I had just arrived home from a business trip and pulled up into the driveway. My wife was waiting in the carport outside, when just as I opened my car door my oldest daughter came running . . . with fear on her face. "Mom! Come quick!" My wife went inside and I just let her go handle it as I grabbed my stuff from the car and headed into the house. I could hear some whimpering from the back of the house, and so I followed the sounds.
In the bathroom my wife was pressing a wet wash cloth on the mouth of my youngest daughter while the oldest just stood there looking pale and worried. Whatever had happened, blood was definitely involved, and the oldest was obviously feeling guilty and responsible. Shaking off the exhaustion from hours of travel, I asked calmly, "What happened?"
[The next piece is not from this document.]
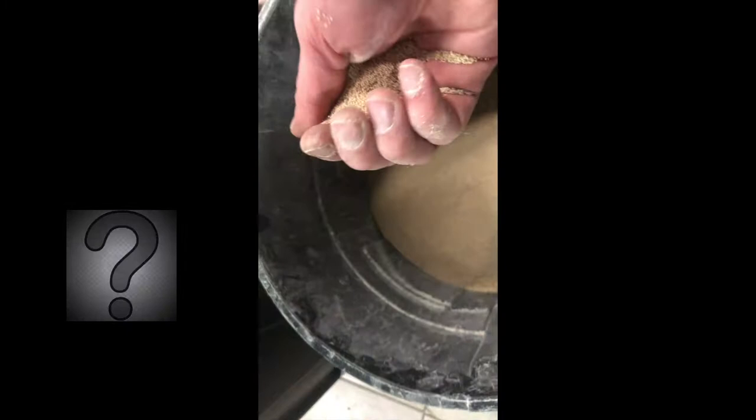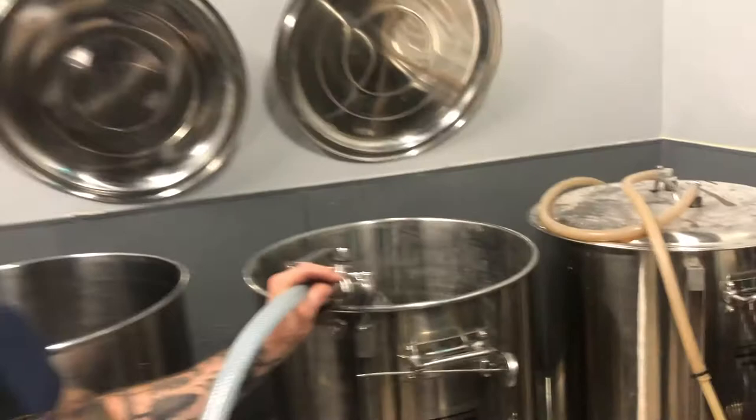So you guys have brewed with this before? I have not, but other members have said you use a shitload of rice. Don't mill it and spray — doing a milliliter per pound. Yeah, we're doing like 30 milliliters total.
What ensued was an animated and worried explanation by my oldest daughter of how she accidentally slammed the door to the bathroom into the face of her younger sister who was busy being nosey while my oldest was trying to get some privacy. "Tell her you're sorry." My oldest apologized. "Guess you will leave her alone when she needs to use the bathroom from now on won't you?" My youngest nodded.
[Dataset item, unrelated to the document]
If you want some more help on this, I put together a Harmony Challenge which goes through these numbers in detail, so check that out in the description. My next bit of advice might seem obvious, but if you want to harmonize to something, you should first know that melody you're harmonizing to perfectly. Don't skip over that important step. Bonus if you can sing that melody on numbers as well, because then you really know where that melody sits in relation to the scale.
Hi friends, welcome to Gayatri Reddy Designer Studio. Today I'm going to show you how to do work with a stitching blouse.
I hugged my oldest, telling her that everything will be fine, and that she was not in trouble. I believed her when she told her story, not so much because she is not capable of lying, but that she has a home-grown fear of the consequences of lying that far outweigh any fear of discipline for whatever she has done. I then went to my youngest, picked her up, and just hugged her, too.
Within 30 minutes, it was as if the incident had never happened, and life restarted in our house with our little family. Thing is, such small emergencies are much bigger than most men realize. If I had over-reacted, I very well could have wounded the spirit of my oldest. Ignore it completely, and the youngest would be left to wonder if she mattered at all. I'm not saying I handled the situation perfectly, or even the best way possible, but I handled it keeping both of my daughters in mind.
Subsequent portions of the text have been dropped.